**Exercise aim**
Your task is to set down the line containing "Supreme Salami strømper - rød - Image 2" and every later line of the entries, word for word, including the last.

**Given records**
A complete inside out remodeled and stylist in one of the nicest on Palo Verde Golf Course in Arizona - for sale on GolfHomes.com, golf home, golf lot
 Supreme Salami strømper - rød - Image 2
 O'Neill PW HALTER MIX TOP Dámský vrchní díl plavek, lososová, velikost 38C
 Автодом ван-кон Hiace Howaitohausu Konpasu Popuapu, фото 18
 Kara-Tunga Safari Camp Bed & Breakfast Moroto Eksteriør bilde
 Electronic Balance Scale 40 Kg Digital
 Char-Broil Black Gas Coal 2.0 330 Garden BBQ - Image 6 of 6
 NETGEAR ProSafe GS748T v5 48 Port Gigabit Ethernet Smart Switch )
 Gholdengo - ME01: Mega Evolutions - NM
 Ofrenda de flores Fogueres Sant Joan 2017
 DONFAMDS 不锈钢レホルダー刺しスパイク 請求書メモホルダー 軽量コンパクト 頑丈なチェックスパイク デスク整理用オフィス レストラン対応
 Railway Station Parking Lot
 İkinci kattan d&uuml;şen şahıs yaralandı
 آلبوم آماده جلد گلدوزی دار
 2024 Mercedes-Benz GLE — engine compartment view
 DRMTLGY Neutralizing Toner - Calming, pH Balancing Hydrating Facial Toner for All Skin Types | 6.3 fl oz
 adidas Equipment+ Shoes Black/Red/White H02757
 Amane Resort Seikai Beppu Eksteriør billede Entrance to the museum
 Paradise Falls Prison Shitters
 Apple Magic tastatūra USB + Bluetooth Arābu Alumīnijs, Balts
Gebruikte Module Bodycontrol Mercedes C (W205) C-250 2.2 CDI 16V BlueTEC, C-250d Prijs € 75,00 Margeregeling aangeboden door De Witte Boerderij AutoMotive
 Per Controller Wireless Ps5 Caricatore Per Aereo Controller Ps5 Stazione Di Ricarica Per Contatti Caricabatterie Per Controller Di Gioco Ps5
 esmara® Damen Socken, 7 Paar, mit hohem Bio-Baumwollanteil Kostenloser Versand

**Response area**
 Supreme Salami strømper - rød - Image 2
 O'Neill PW HALTER MIX TOP Dámský vrchní díl plavek, lososová, velikost 38C
 Автодом ван-кон Hiace Howaitohausu Konpasu Popuapu, фото 18
 Kara-Tunga Safari Camp Bed & Breakfast Moroto Eksteriør bilde
 Electronic Balance Scale 40 Kg Digital
 Char-Broil Black Gas Coal 2.0 330 Garden BBQ - Image 6 of 6
 NETGEAR ProSafe GS748T v5 48 Port Gigabit Ethernet Smart Switch )
 Gholdengo - ME01: Mega Evolutions - NM
 Ofrenda de flores Fogueres Sant Joan 2017
 DONFAMDS 不锈钢レホルダー刺しスパイク 請求書メモホルダー 軽量コンパクト 頑丈なチェックスパイク デスク整理用オフィス レストラン対応
 Railway Station Parking Lot
 İkinci kattan d&uuml;şen şahıs yaralandı
 آلبوم آماده جلد گلدوزی دار
 2024 Mercedes-Benz GLE — engine compartment view
 DRMTLGY Neutralizing Toner - Calming, pH Balancing Hydrating Facial Toner for All Skin Types | 6.3 fl oz
 adidas Equipment+ Shoes Black/Red/White H02757
 Amane Resort Seikai Beppu Eksteriør billede Entrance to the museum
 Paradise Falls Prison Shitters
 Apple Magic tastatūra USB + Bluetooth Arābu Alumīnijs, Balts
Gebruikte Module Bodycontrol Mercedes C (W205) C-250 2.2 CDI 16V BlueTEC, C-250d Prijs € 75,00 Margeregeling aangeboden door De Witte Boerderij AutoMotive
 Per Controller Wireless Ps5 Caricatore Per Aereo Controller Ps5 Stazione Di Ricarica Per Contatti Caricabatterie Per Controller Di Gioco Ps5
 esmara® Damen Socken, 7 Paar, mit hohem Bio-Baumwollanteil Kostenloser Versand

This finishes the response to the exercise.